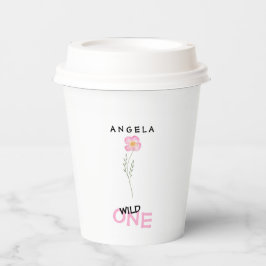 Vasos De Papel Flor silvestre personalizada Un primer cumpleaños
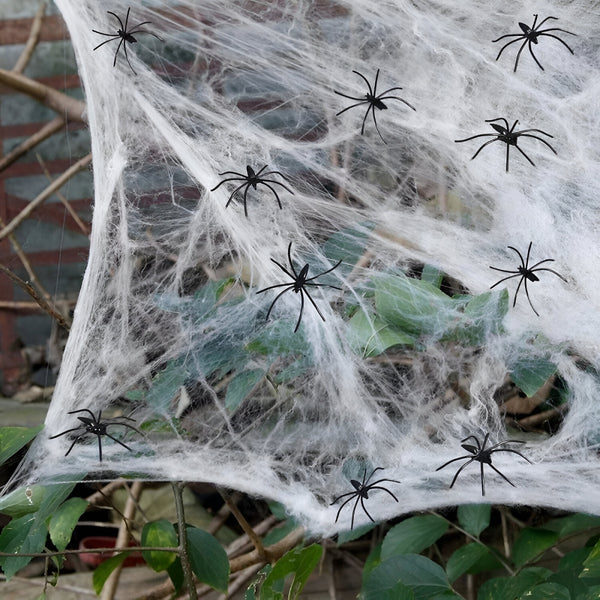 Mehrfarbige dehnbare Spinnennetze für Halloween-Dekoration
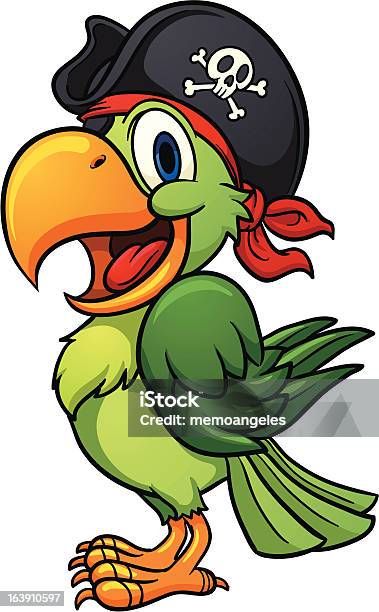 Papagaio De Pirata - Arte vetorial de stock e mais imagens de Papagaio - Papagaio, Animal, Banda desenhada - Produto Artístico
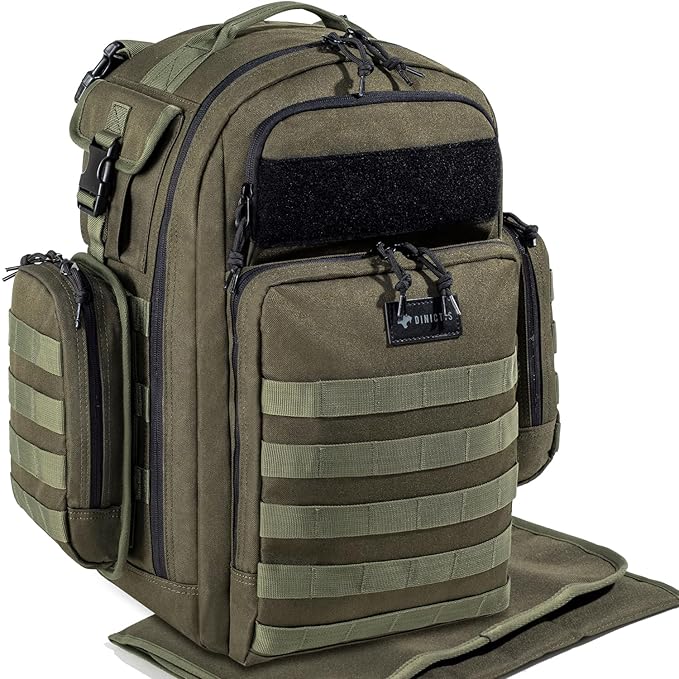 Dad Diaper Bag, Mens Diaper Bag Backpack with Diaper Changing Mat, Military Diaper Backpack with Molle Webbing, Waterproof Pouch, Baby Wipes pocket, Insulated Bottle Pockets- Jungle Green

━━━━━━━━━━━━━━━━━━━━━━━━━━━━━━

WORK INSTRUCTION:
Print all the lines above exactly as they are, but without the pictures.

TASK SOLUTION:
 Vasos De Papel Flor silvestre personalizada Un primer cumpleaños
 Mehrfarbige dehnbare Spinnennetze für Halloween-Dekoration
 Papagaio De Pirata - Arte vetorial de stock e mais imagens de Papagaio - Papagaio, Animal, Banda desenhada - Produto Artístico
 Dad Diaper Bag, Mens Diaper Bag Backpack with Diaper Changing Mat, Military Diaper Backpack with Molle Webbing, Waterproof Pouch, Baby Wipes pocket, Insulated Bottle Pockets- Jungle Green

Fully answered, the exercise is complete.